● TASK REQUIREMENTS
Pictures appear among the records below and must be omitted. Repeat exactly the lines from the line with "X0000111781031200908131343" to the line with "Lord Whisky @ Park House Animal Sanctuary", both included.

● DATA SUPPLIED
↓
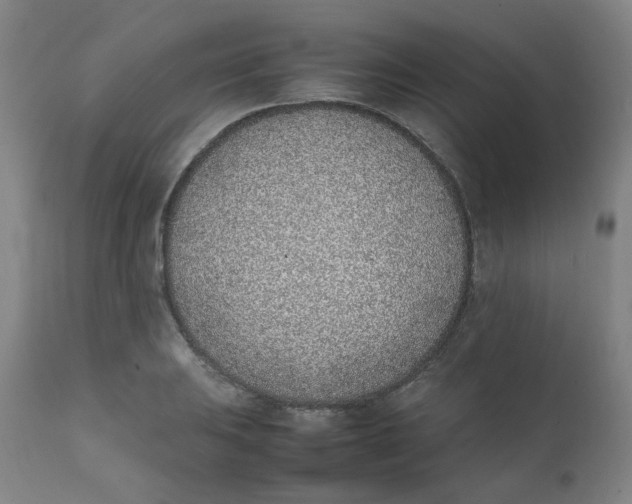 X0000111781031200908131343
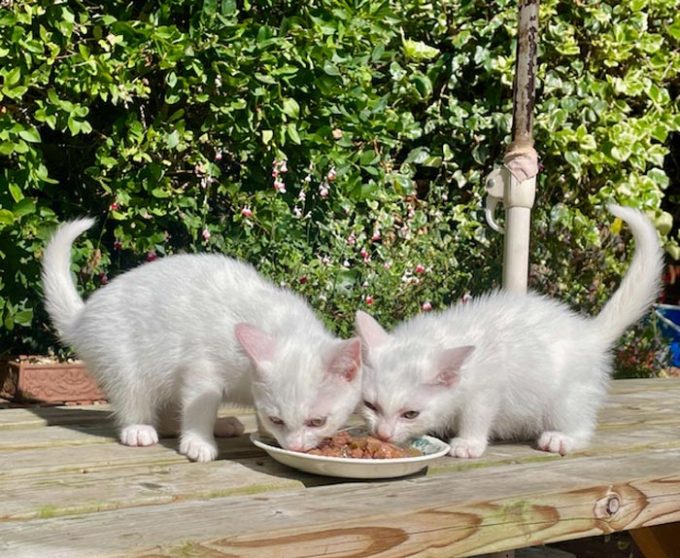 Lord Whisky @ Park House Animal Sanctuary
↑
↓
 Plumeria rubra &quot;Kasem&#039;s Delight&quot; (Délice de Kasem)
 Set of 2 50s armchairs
↑
● WRITTEN SOLUTION
 X0000111781031200908131343
 Lord Whisky @ Park House Animal Sanctuary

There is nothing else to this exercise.